I have not done much testing, but basic features seem to be working as intended. YMMV, of course.
cmake .. -DCMAKE_C_FLAGS_RELEASE="-O3 -DNDEBUG -fgraphite-identity -floop-nest-optimize -flto=auto -fipa-pta -fdevirtualize-at-ltrans -pipe" -DCMAKE_CXX_FLAGS_RELEASE="-O3 -DNDEBUG -fgraphite-identity -floop-nest-optimize -flto=auto -fipa-pta -fdevirtualize-at-ltrans -pipe -pthread" -DCMAKE_INTERPROCEDURAL_OPTIMIZATION=TRUE
set(CMAKE_INTERPROCEDURAL_OPTIMIZATION TRUE)
set(CMAKE_CXX_FLAGS_RELEASE "-O3 -fgraphite-identity -floop-nest-optimize -fipa-pta -flto=auto -fdevirtualize-at-ltrans -pipe")

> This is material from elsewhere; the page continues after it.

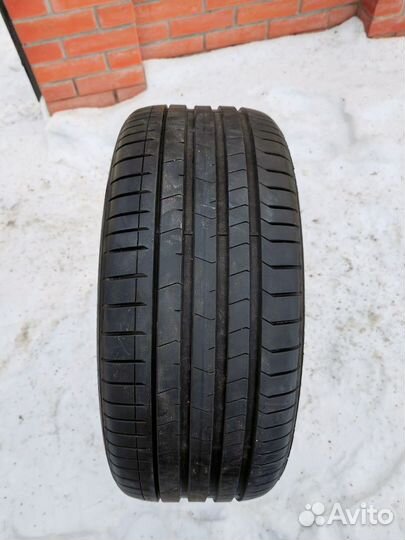 Pirelli P Zero 275/40 R21 и 315/35 R21 107Y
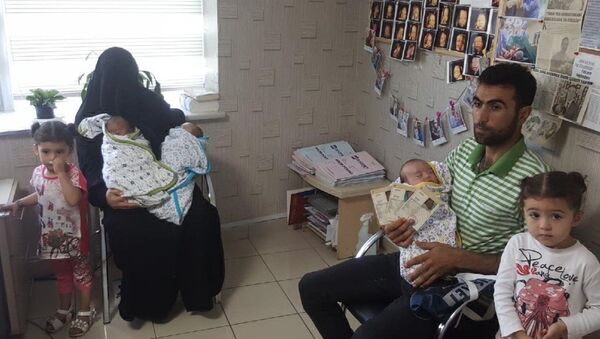 Suriyeli çift üçüz bebeklerine Recep, Tayyip, Erdoğan isimlerini verdi - Sputnik Türkiye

set(CMAKE_C_FLAGS_RELEASE " -O3 -fgraphite-identity -floop-nest-optimize -fipa-pta -flto=auto -fdevirtualize-at-ltrans -pipe")
set(PLATFORM_FLAGS -march=armv7-a -mtune=cortex-a9 -mfpu=neon -mfloat-abi=hard -ffast-math -fsingle-precision-constant -mvectorize-with-neon-quad -fgraphite-identity -floop-nest-optimize -fipa-pta -flto=auto -fdevirtualize-at-ltrans -pipe)
Welcome a PR with a report on the perf gain.
Suppose one could try measuring processor utilization, though as noted, I will have to leave that to someone else for now.
Nonetheless, the best bet for a starting point (IMHO) is LTO as it rarely degrades performance except in corner cases.
I tried LTO, which works fine on my devbox. I didn't carefully design a benchmark to check the performance difference. but it didn't shows significance difference.
If interested in exploring possible performance tweaks, I can confirm the websdr.bin binary builds and works with GCC (v13.2.1) graphite and fipa-pta optimizations enabled. Note I have not tested all receiver options, so YMMV here. I will leave it up to someone else to figure out any actual performance difference(s).
https://gcc.gnu.org/onlinedocs/gcc/Optimize-Options.html https://github.com/InBetweenNames/gentooLTO/blob/master/sys-config/ltoize/files/make.conf.lto.defines
Ideally LTO would be used, especially for further improving the fipa-pta pass, plus potentially using -fdevirtualize-at-ltrans as well. Previously I have done LTO build of websdr.bin, but I did not get around to actually testing it at the time.. IIRC, there were several ODR and similar warnings. I might give it another go in the near future.